今観たい映画としてブログトップにタイトルを書いた「いつか読書する日」。
この映画については春岡勇二氏が論評している記事に一番興味を惹かれたので参照したい。
以下は春岡勇二氏筆の原稿そのまま
上質のラブストーリーは常にサスペンスの要素を含んでいる。
田中裕子と岸部一徳が、30年以上も思いを胸に秘めた女と男を演じたこの作品も、そんな一本だ。
二人は同じ町に住む同級生。
女は一人暮らしで、毎朝牛乳を配り、昼はスーパーのレジを打つ。
判でついたような毎日。
だが、本人はそれを厭わず、きびきびと過ごしている。
男は市役所に勤め、二十数年連れ添った妻が末期癌で自宅介護している。
初め二人の関係はわからない。
なのに、二人が同じ画面に映っているだけでどきどきするのだ。
例えば朝の路面電車の停留所。
男が並んでいる。
女が自転車で前の道を通りかかる。
さりげなくその方向から視線を移す男。

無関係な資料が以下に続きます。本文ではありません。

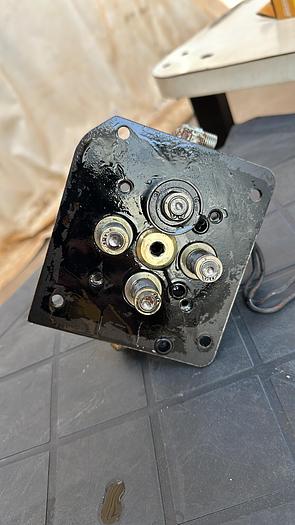 Usado Grupo de válvula do joystick Caterpillar D8RII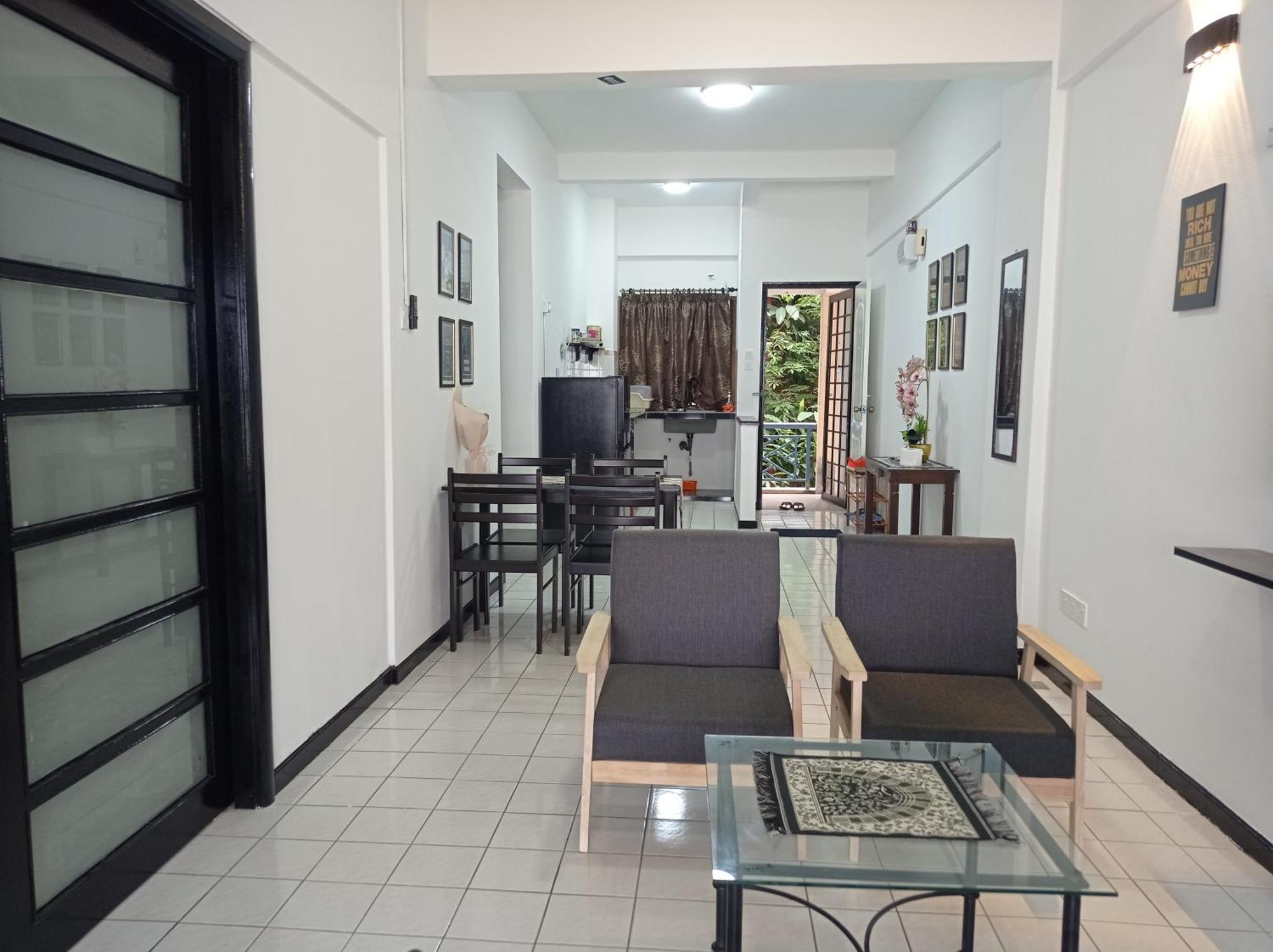 Adira Corus Paradise Seaview Family Pangsapuri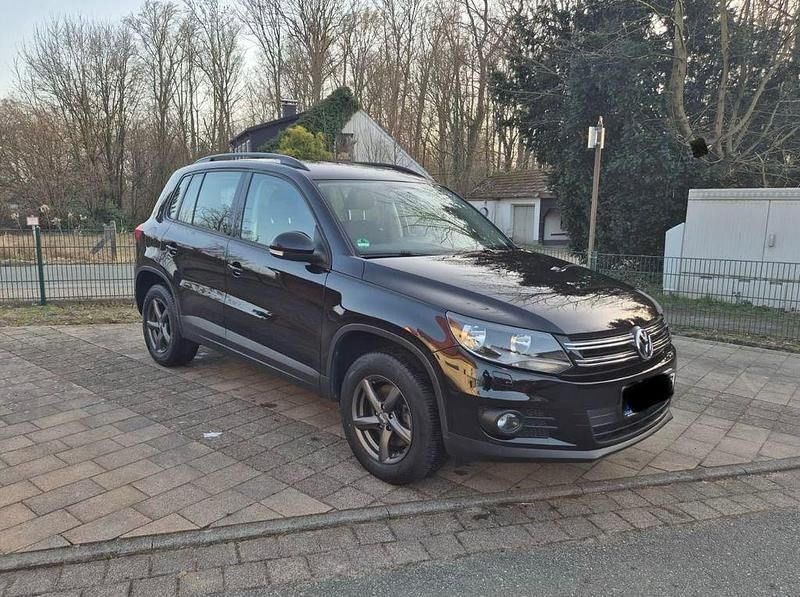 Gebraucht VW Tiguan Trendline 122 PS (89 kW) 2012 Schwarz SUV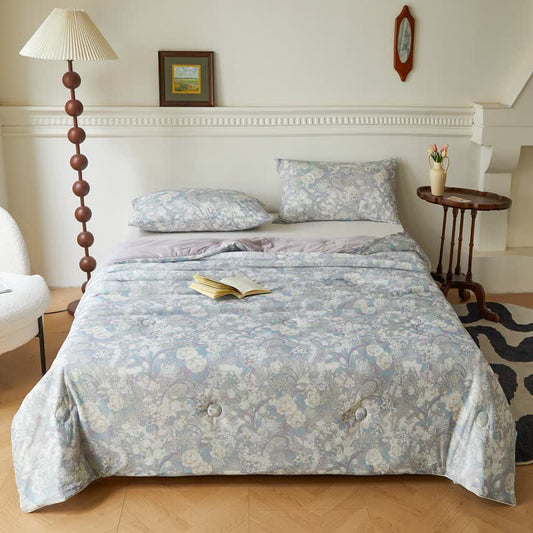 Weiche, leichte Steppdecke mit Vintage-Blumenmuster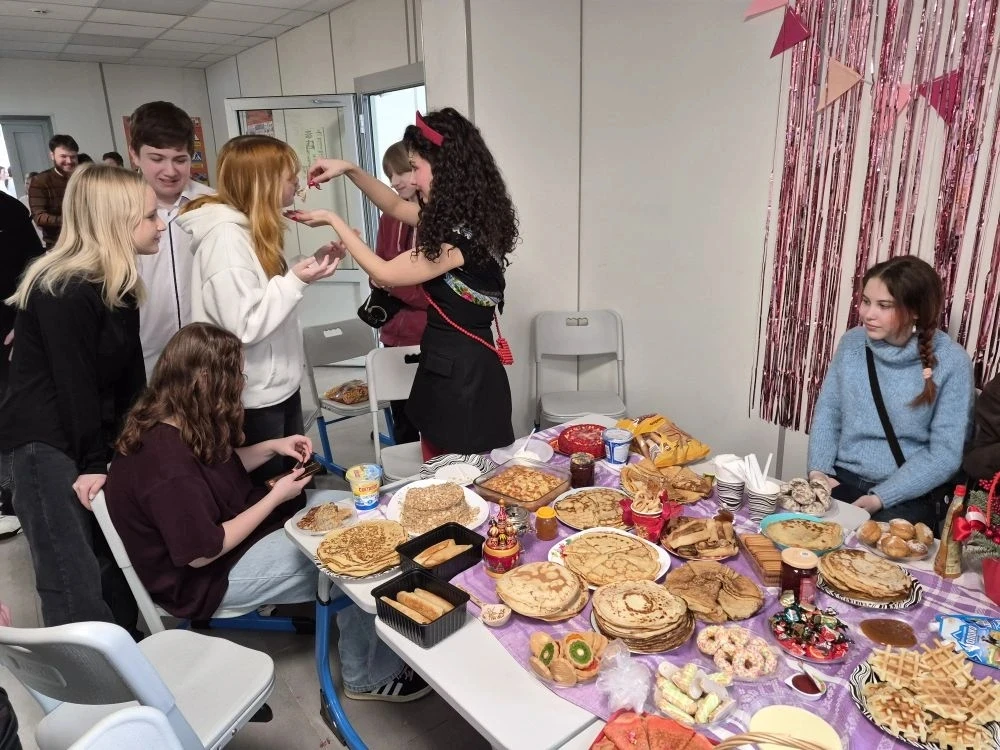 Масленица в школе — уже сегодня! 🥞☀️  Встречаем весну вместе: в каждом классе проходят тёплые мастер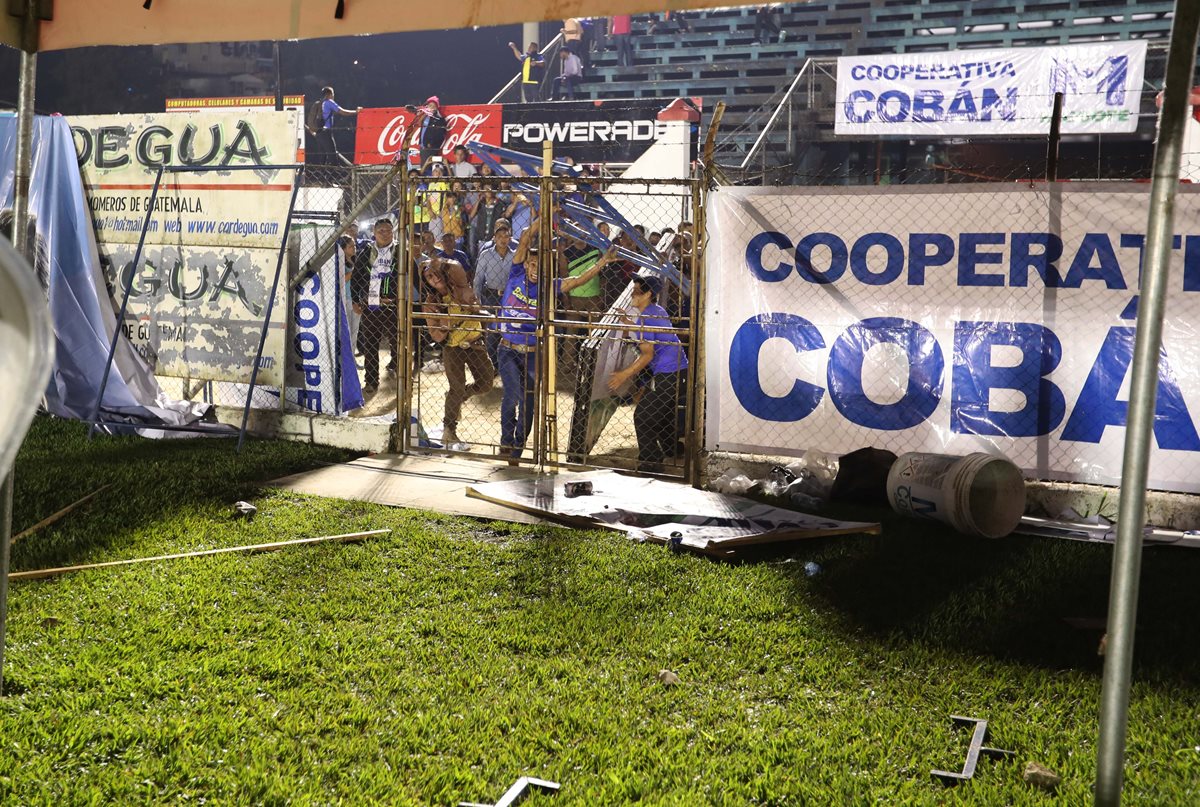 Los aficionados que sean identificados por la directiva de Cobán Imperial no tendrán ingreso al estadio Verapaz. (Foto Prensa Libre: Francisco Sánchez)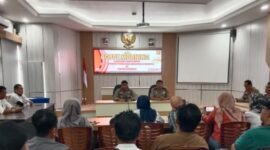 Pertemuan di balik suasana santai, para wartawan memanfaatkan momen itu untuk “menguji” komitmen kepolisian dalam menangani berbagai persoalan keamanan di Kabupaten Kerinci dan Kota Sungai Penuh.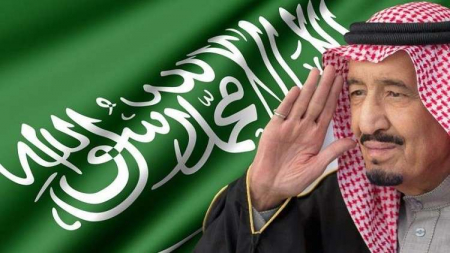 الملك سلمان يغرّد في اليوم الوطني السعودي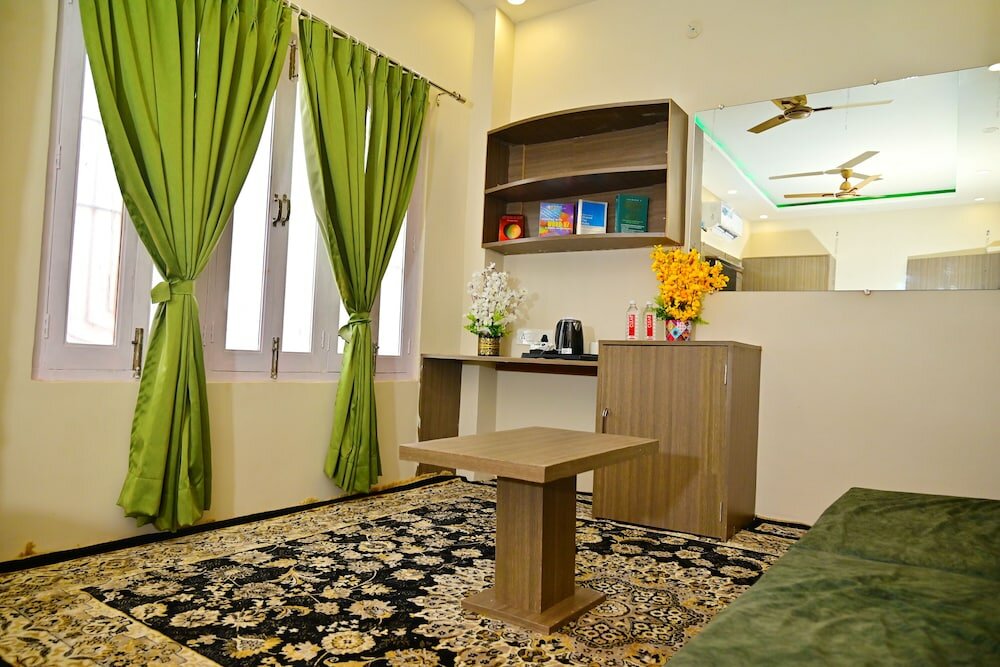 Фото Bluebells Varanasi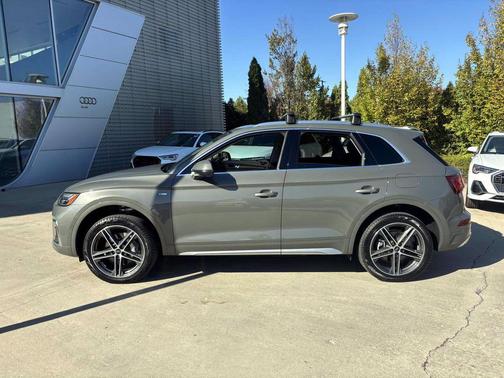 2024 Audi Q5 e 55 S line Premium Plus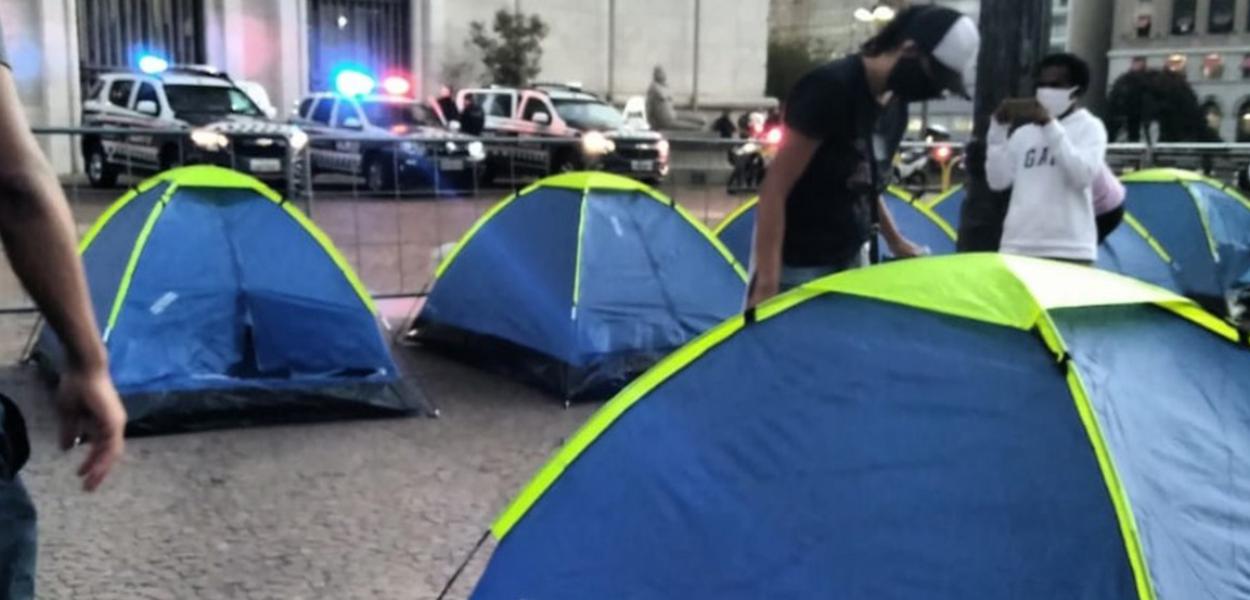 Sem-tetos acampam em frente à Prefeitura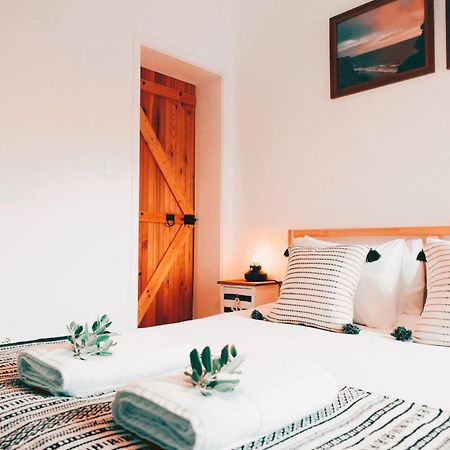 Um Lugar Ao Sol Beach House Azenhas Do Mar سينترا المظهر الخارجي الصورة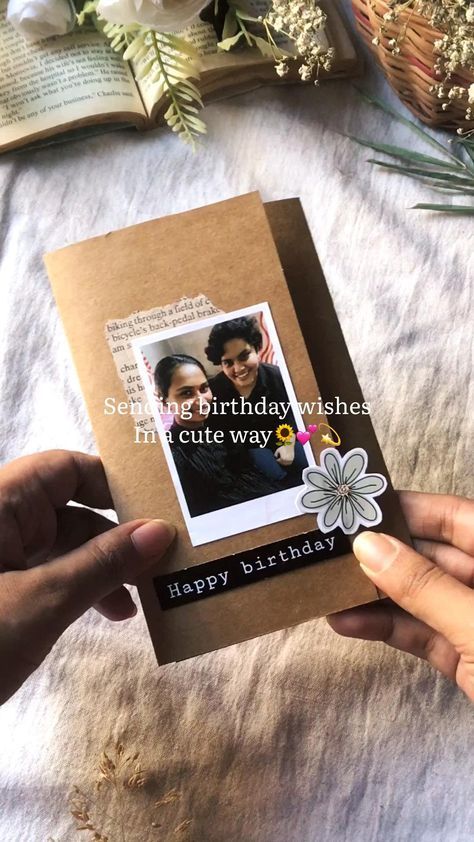 Diy Cards For Boyfriend, Homecoming Proposal Ideas Volleyball, Happy Birthday Cards Diy, Graduation Money, Bff Gifts Diy, Personalised Gifts Diy, Money Gifts, Book Crafts Diy, Kindergarden Activities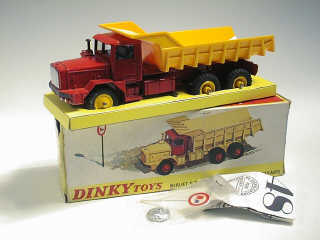 Lot 164 - DINKY TOYS FRANCE (1)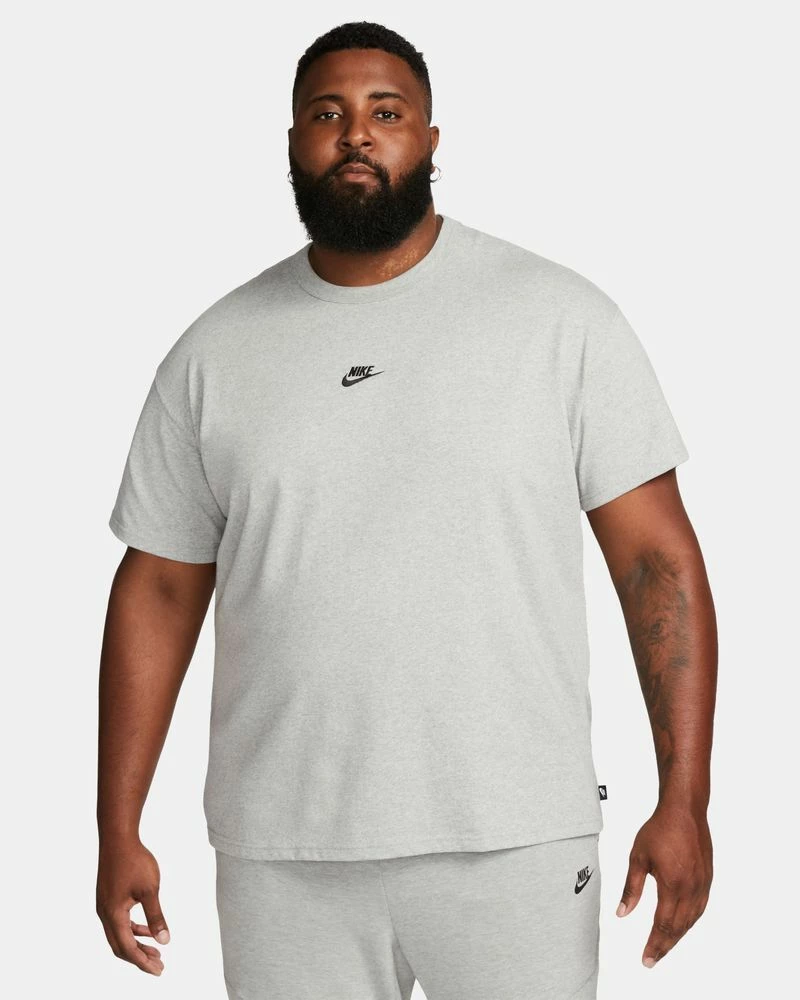 Nike Sportswear Premium Essentials Gris Tee-shirt Pour Homme 7 Nike Sportswear Premium Essentials Gris Tee-shirt Pour Homme – Image 7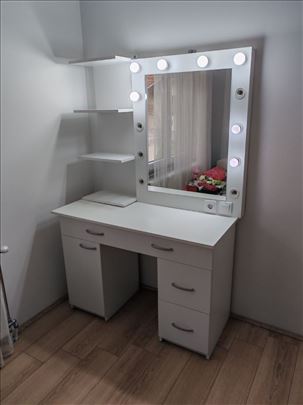 Sto za šminkanje 20 000 dinara 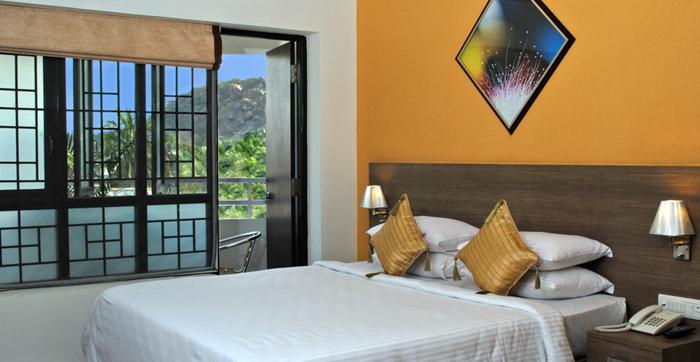 Arpanaa Hotel Tiruvannāmalai Exteriör bild
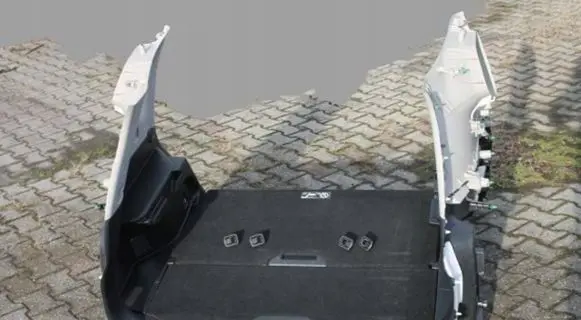 Nissan X-Trail T32 Front door card panel trim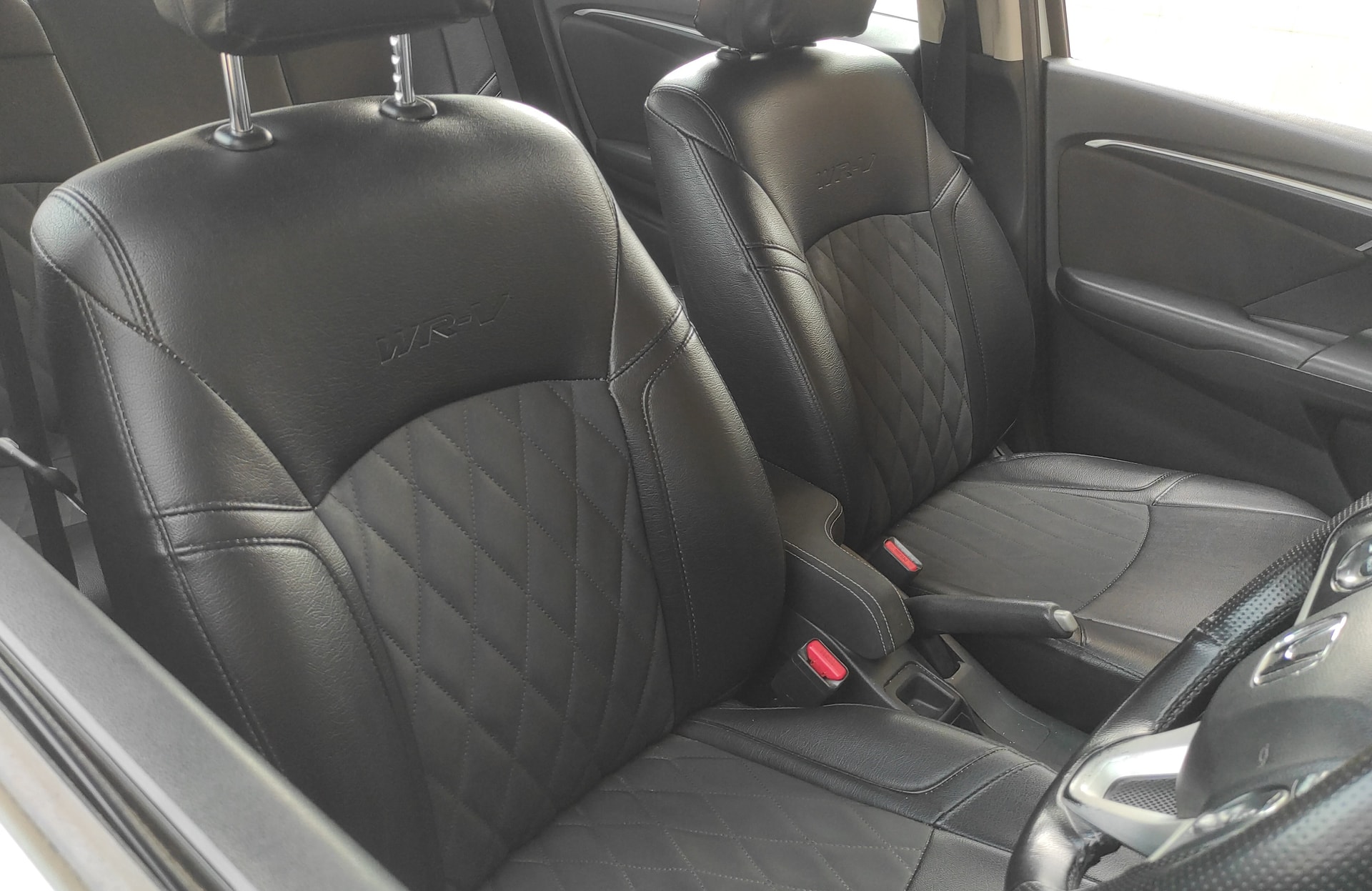 View 2020 Honda WR-V VX MT Petrol Image 3 Used 2020 Honda WR-V VX MT Petrol Image 3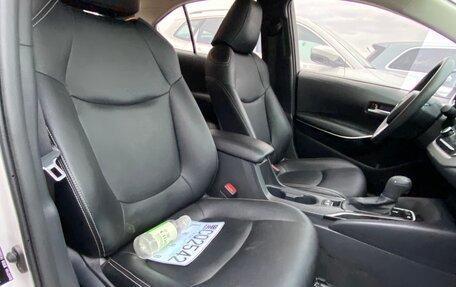 Toyota Corolla, 2021 год, 1 850 000 рублей, 8 фотография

女も男を一瞥もせず走り抜ける。
次いで電車に乗った男の肩越しに自転車の女が映る。
二人は視線を交わさない。
けれど観客は二人がただならぬ関係にあることを直感する。
視線の映画だ。
交わされる視線ではない。
交わされない視線に抑えられた情感が積み重ねられている。
だからふと交わされた一瞬に情感が一気に溢れ出す。
主演二人の無表情も、視線と同じ役割を果たしている。
内に豊で複雑なものを秘めた無表情。
それはなにもせずに気持ちを表す。
見事な演技だ。
交わされない視線と無表情。それだけで息が詰まる。
他になにがあるか。肉体である。
この映画は田中裕子が長い坂を息を切って走りながら牛乳を配る。
その子気味いいリズムに貫かれている。
それは同時に彼女の肉体を意識させ、クライマックスへとつながっていく。
穏やかだが激しい、恋愛映画の秀作だ。